--- Listed entries Enclosed Below ---

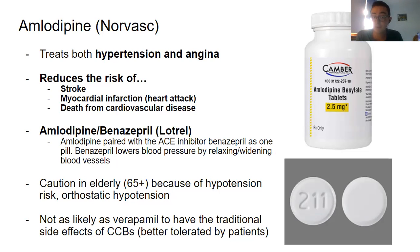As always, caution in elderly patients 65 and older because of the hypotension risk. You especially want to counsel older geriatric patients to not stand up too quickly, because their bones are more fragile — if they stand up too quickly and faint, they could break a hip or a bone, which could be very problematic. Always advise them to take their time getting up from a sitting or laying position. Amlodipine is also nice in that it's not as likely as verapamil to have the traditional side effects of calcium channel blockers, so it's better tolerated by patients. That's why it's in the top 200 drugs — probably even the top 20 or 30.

--- End of Enclosed Listed entries ---
--- Listed entries Enclosed Below ---

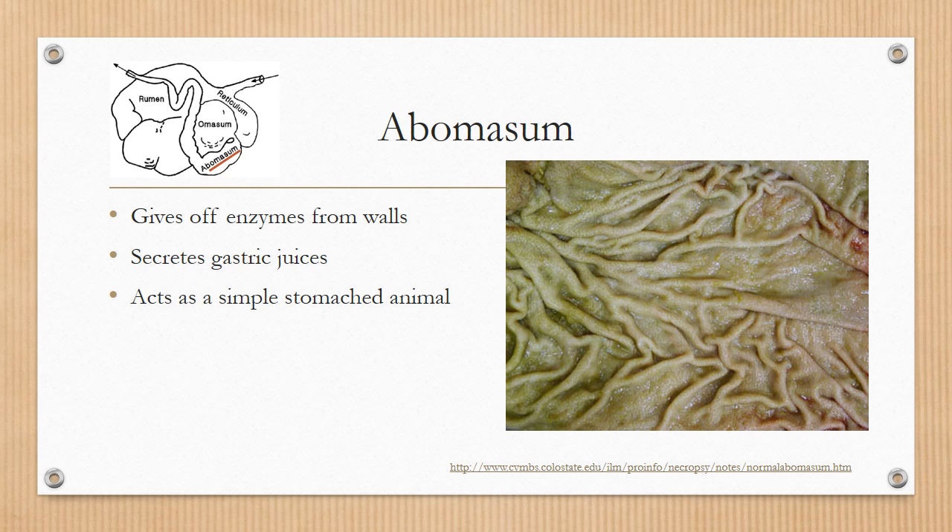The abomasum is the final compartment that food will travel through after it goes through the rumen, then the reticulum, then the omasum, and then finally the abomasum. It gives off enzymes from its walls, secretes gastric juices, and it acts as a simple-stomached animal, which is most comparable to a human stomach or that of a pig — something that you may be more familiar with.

--- End of Enclosed Listed entries ---
--- Listed entries Enclosed Below ---

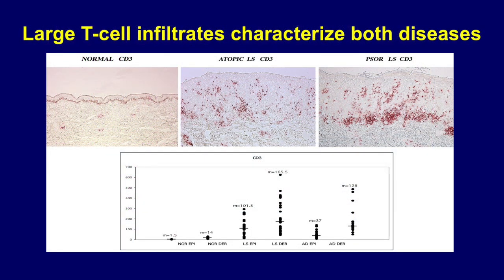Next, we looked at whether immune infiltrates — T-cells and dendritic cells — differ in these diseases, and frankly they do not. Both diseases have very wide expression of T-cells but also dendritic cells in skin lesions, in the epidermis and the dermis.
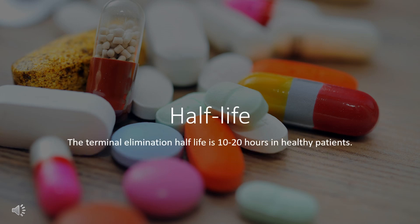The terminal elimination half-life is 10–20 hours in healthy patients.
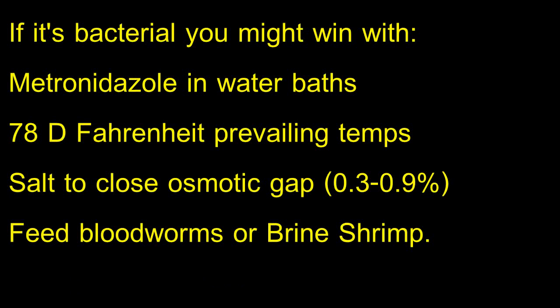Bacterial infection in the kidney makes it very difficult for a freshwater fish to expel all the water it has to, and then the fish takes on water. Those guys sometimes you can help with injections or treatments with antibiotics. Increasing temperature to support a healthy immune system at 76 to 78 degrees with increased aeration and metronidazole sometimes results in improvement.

--- End of Enclosed Listed entries ---

» Required work: Only one stretch of the material above is wanted: the line containing "Next, we looked" through the line containing "Bacterial infection in". Restate it word for word, minus the pictures.

» Exercise output:
Next, we looked at whether immune infiltrates — T-cells and dendritic cells — differ in these diseases, and frankly they do not. Both diseases have very wide expression of T-cells but also dendritic cells in skin lesions, in the epidermis and the dermis.
The terminal elimination half-life is 10–20 hours in healthy patients.
Bacterial infection in the kidney makes it very difficult for a freshwater fish to expel all the water it has to, and then the fish takes on water. Those guys sometimes you can help with injections or treatments with antibiotics. Increasing temperature to support a healthy immune system at 76 to 78 degrees with increased aeration and metronidazole sometimes results in improvement.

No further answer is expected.